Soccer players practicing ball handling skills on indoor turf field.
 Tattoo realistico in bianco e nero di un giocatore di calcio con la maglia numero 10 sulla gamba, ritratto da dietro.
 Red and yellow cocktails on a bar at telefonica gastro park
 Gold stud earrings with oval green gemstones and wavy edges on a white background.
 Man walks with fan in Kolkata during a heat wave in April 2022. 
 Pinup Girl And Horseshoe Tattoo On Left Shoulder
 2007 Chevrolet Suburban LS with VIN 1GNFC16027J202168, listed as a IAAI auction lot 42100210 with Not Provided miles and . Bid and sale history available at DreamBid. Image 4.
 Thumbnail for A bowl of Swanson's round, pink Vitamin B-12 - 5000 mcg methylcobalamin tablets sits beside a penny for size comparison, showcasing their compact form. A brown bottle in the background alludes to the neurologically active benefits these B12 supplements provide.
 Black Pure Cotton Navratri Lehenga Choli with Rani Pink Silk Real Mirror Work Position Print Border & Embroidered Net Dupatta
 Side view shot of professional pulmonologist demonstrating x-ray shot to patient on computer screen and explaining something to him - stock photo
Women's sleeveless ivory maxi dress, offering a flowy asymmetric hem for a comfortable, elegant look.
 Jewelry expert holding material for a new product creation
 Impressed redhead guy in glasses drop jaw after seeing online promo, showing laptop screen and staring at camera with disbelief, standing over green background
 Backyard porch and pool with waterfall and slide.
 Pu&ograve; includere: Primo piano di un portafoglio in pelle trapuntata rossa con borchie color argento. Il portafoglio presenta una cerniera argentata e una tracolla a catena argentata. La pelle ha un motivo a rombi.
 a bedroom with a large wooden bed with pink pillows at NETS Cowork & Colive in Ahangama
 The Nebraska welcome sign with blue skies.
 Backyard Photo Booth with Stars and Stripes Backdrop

■ INSTRUCTIONS FOR THE TASK
The line with "Black Pure Cotton", plus every line after it through the end of the listing, needs to be repeated exactly; nothing else belongs in the reply.

■ THE COMPLETED TASK
 Black Pure Cotton Navratri Lehenga Choli with Rani Pink Silk Real Mirror Work Position Print Border & Embroidered Net Dupatta
 Side view shot of professional pulmonologist demonstrating x-ray shot to patient on computer screen and explaining something to him - stock photo
Women's sleeveless ivory maxi dress, offering a flowy asymmetric hem for a comfortable, elegant look.
 Jewelry expert holding material for a new product creation
 Impressed redhead guy in glasses drop jaw after seeing online promo, showing laptop screen and staring at camera with disbelief, standing over green background
 Backyard porch and pool with waterfall and slide.
 Pu&ograve; includere: Primo piano di un portafoglio in pelle trapuntata rossa con borchie color argento. Il portafoglio presenta una cerniera argentata e una tracolla a catena argentata. La pelle ha un motivo a rombi.
 a bedroom with a large wooden bed with pink pillows at NETS Cowork & Colive in Ahangama
 The Nebraska welcome sign with blue skies.
 Backyard Photo Booth with Stars and Stripes Backdrop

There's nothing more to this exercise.